AI Technology Empower Users to Choose Their Preferred Sounds in Noise-canceling Headphone

Home Research AI Technology Empower Users to Choose Their Preferred Sounds in Noise-canceling Headphone
deep-learning algorithms

Most individuals familiar with noise-canceling headphones understand the significance of filtering out specific sounds at specific moments. For instance, someone may desire to eliminate car honks while working indoors but not when strolling along bustling streets. Users typically lack the ability to choose which sounds their headphones cancel.


A group of researchers from the University of Washington, led by a team, has devised advanced deep-learning algorithms that empower users to actively select the sounds they want to pass through their headphones in real-time. This innovative system is termed “semantic hearing.” The headphones transmit recorded audio to a linked smartphone, which then cancels out all ambient sounds.


Through either vocal commands or a smartphone application, headphone users can handpick the sounds they wish to include from a list of 20 categories, including sirens, baby cries, speech, vacuum cleaners, and bird chirps. Only the chosen sounds will be relayed through the headphones.


The team unveiled their discoveries on November 1 at UIST ’23 in San Francisco, with future plans to introduce a commercial version of the system.


Senior author Shyam Gollakota, a professor in the Paul G. Allen School of Computer Science & Engineering at UW, emphasized the real-time intelligence required to discern and extract specific sounds from the surrounding environment. He explained that existing noise-canceling headphones face challenges in synchronizing the sounds with users’ visual senses, necessitating neural algorithms capable of processing sounds within a hundredth of a second.

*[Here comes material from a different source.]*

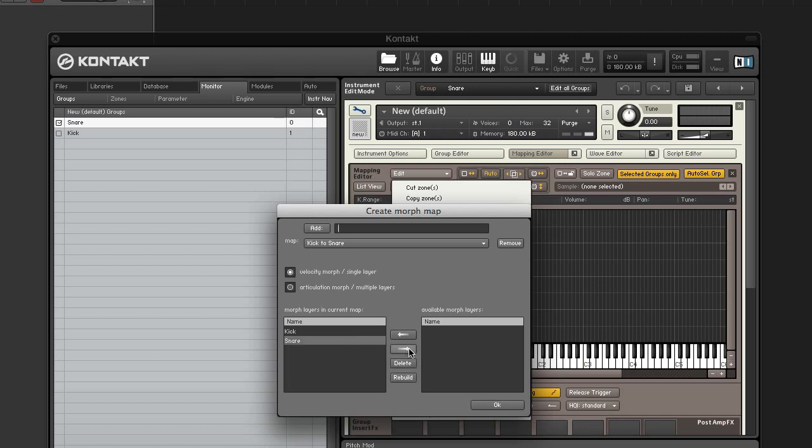The right arrow button removes the layer from the map. The delete button lets you delete the layer completely. And the rebuild button will reopen the create morph layer dialog for the currently selected layer, which allows you to readjust its analysis parameters.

Due to this time constraint, the semantic hearing system processes sounds on a device like a connected smartphone, rather than relying on more powerful cloud servers. The system must preserve the temporal delays and spatial cues associated with sounds arriving from different directions, ensuring users can still perceptively engage with their surroundings.


Tested in various settings, such as offices, streets, and parks, the system successfully isolated target sounds like sirens, bird chirps, and alarms while eliminating all other background noise. Participants, when rating the system’s audio output for the target sounds, reported an average improvement in quality compared to the original recordings.


The system faced challenges in distinguishing between sounds sharing similar properties, such as vocal music and human speech. The researchers suggest that refining the models through additional real-world data could enhance these outcomes. Co-authors on the paper include Bandhav Veluri and Malek Itani, both doctoral students at UW; Justin Chan, a former doctoral student at the Allen School now at Carnegie Mellon University; and Takuya Yoshioka, research director at AssemblyAI.